Shari, even in family that are happy together, you don't USE others the way she is using you guys.
First - in OUR family, when we were agisting cattle for brother in law, he "paid" for it by helping when it was time to move ALL the in-calf heifers to the yard. He also shared the AI bill and any other expenses. Later on, my parents moved to a country beach-side cottage with no mod cons. It belonged to brother in law and sister, my parents lived there rent-free but my father 'paid' the rent by fixing the place up. brother in law paid for the materials, my dad did the building work. He installed a bathroom, repaired the roof, fixed the outside toilet so you had some privacy - a lot of stuff. It was a business arrangement but it was also between friends.
husband & I borrowed money from my parents to buy our place. Even though I was on good terms with my parents, my dad still drew up the agreement details in a formal letter. We hadn't paid him back before he and my mother died, and I wasn't surprised to find the loan mentioned in the will and that amount deducted from my inheritance. Nor do I think I was the only one of my siblings dealing with this - but if there were others, my brother who was executor kept it confidential. I wasn't at all upset by this - it meant that the division of property was fair and my father had made sure that it would be so.
Family and friends should have business arrangements in place just as readily as people who have no other connection. A business arrangement can be on a handshake or it can be more formal. Even what my father did - putting it in a letter - is OK. by the way, the agreement was in the same envelope as a chatty note form my mother. Good old dad, saving postage as well!
Your mother in law gets free agistment. She also has interfered in her grandson's cattle-raising by moving his heifer without arrangement or permission - that is taking liberties. Technically, it's cattle rustling. Bushranging.
I have a question about mother in law's cows - do you have a bull? If so, can you charge stud fees? You certainly should.
Serious suggestion - sit and calculate the market value of what she is getting out of your farm. Do the sums at current commercial rates.
I mean, crikey - if you had a problem with grass getting out of control, it might be different. We had neighbours who asked us to get some sheep, so we could run our sheep in their paddock. They had a political reason for the paddock to be in farming use but didn't have the time and energy to do it themselves, so we did it happily. We kept their grass down and made sure the paddock wasn't seen as lying empty for the taking. I have no doubt my father made sure they never were disadvantaged by it.
If you have no bull, how do you get your cows in calf? AI, or do you have a handy bull you borrow?
We had a stud bull in the paddock next door to us. It was a fabulous beast, but the farmer neglected him horribly. I think he had grandiose plans to make money from stud fees, but did absolutely nothing with that bull. The poor thing was just left in the paddock. At least there was plenty of grass, and flowing water from the creek to drink. The fences were in a very sad state as well. So of course it was no surprise when the fence between our paddocks finally broke enough to let this bull in with our cow. (I think it had taken my brother in law - another brother in law - hours to make the fence fall down properly).

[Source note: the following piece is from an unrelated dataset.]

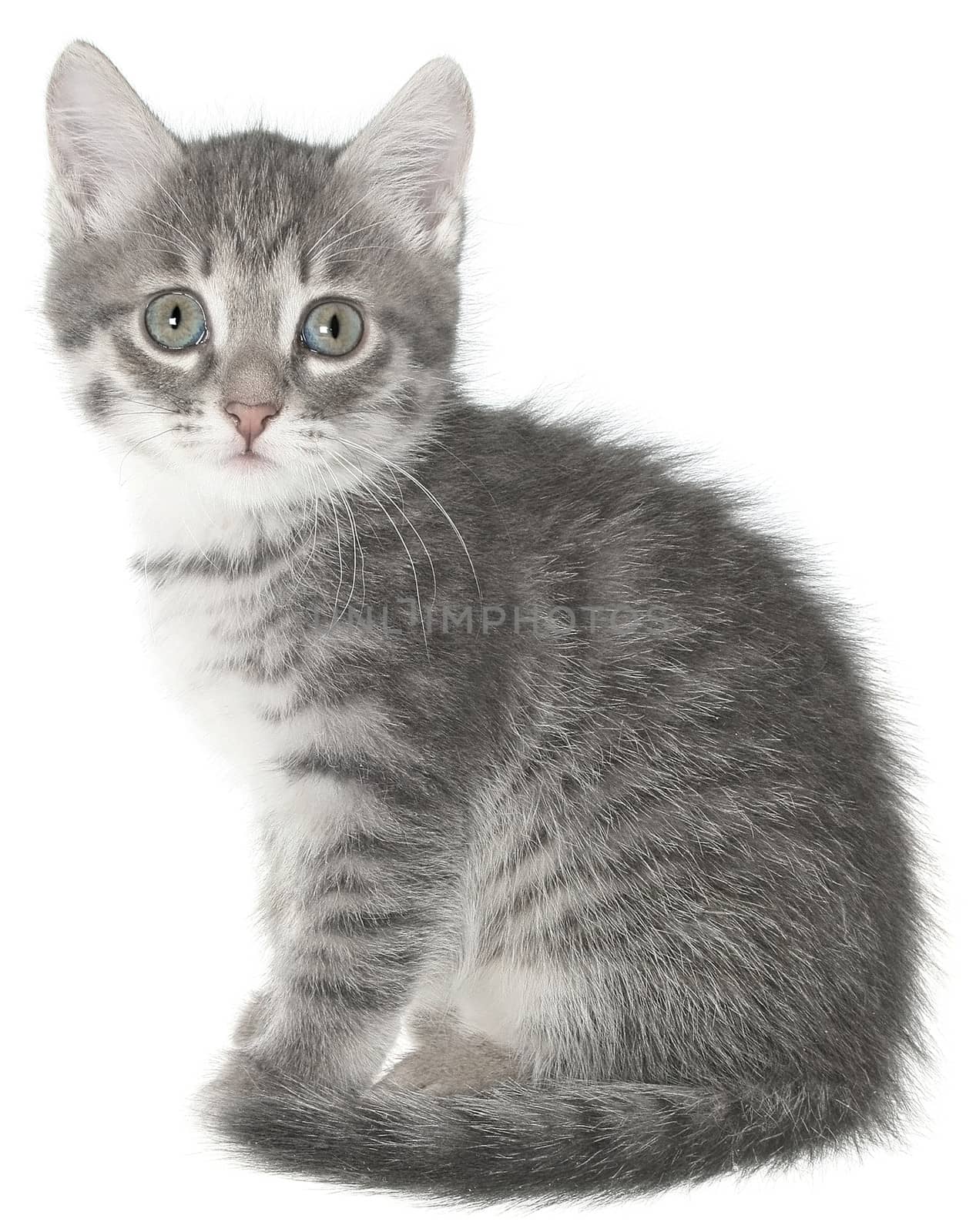British kitten on a white background.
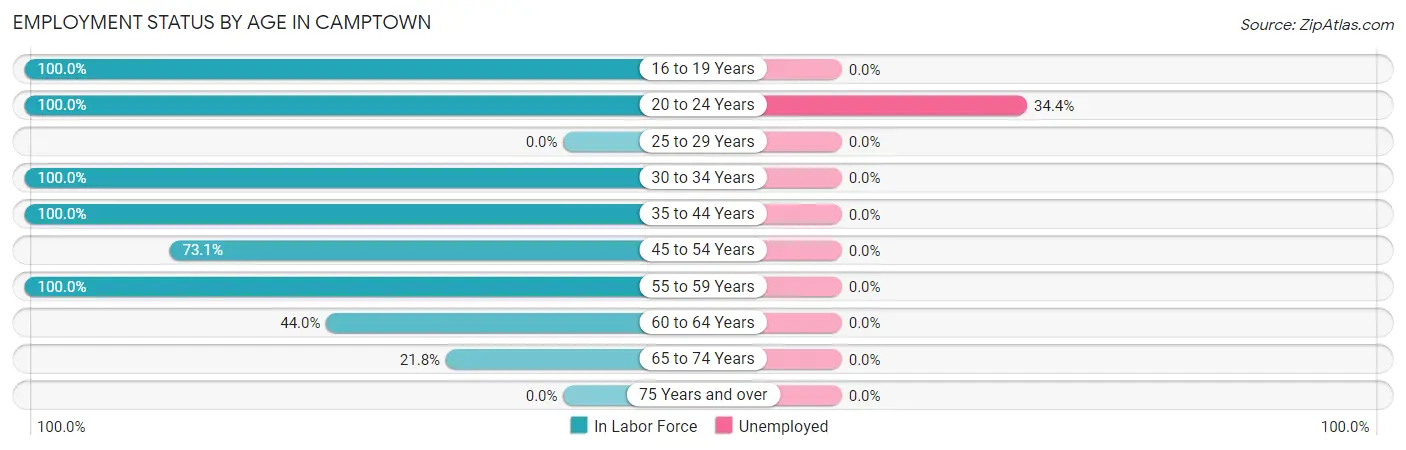 Employment Status by Age in Camptown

The bull got in with our cow and the end result was an amazing calf, absolutely huge and red, like his father. We had to get him slaughtered less than a year later, because he was STILL suckling even though he was the same size as his mother. My sister has the tanned hide carpetting her living room. OK, it's a small living room, but not THAT small! The hide was way too big to be used as a bedspread, even on a king-sized bed.
But I digress.
I wonder - what would happen with mother in law's cows, if they either got pregnant when they shouldn't (to any old rubbish) or didn't get pregnant when they should?
We also had our cattle nicked at one time; got 'em back because we found them ourselves and were able to prove ownership because of the brand. It's a hazard, when your animals are agisted - thieves assume the animal in a paddock miles from anywhere, won't be missed.
Seriously - next time mother in law tries to charge you for services, present her with a matching bill for your services. If you've got it prepared well in advance, you can be ready on the spot for her.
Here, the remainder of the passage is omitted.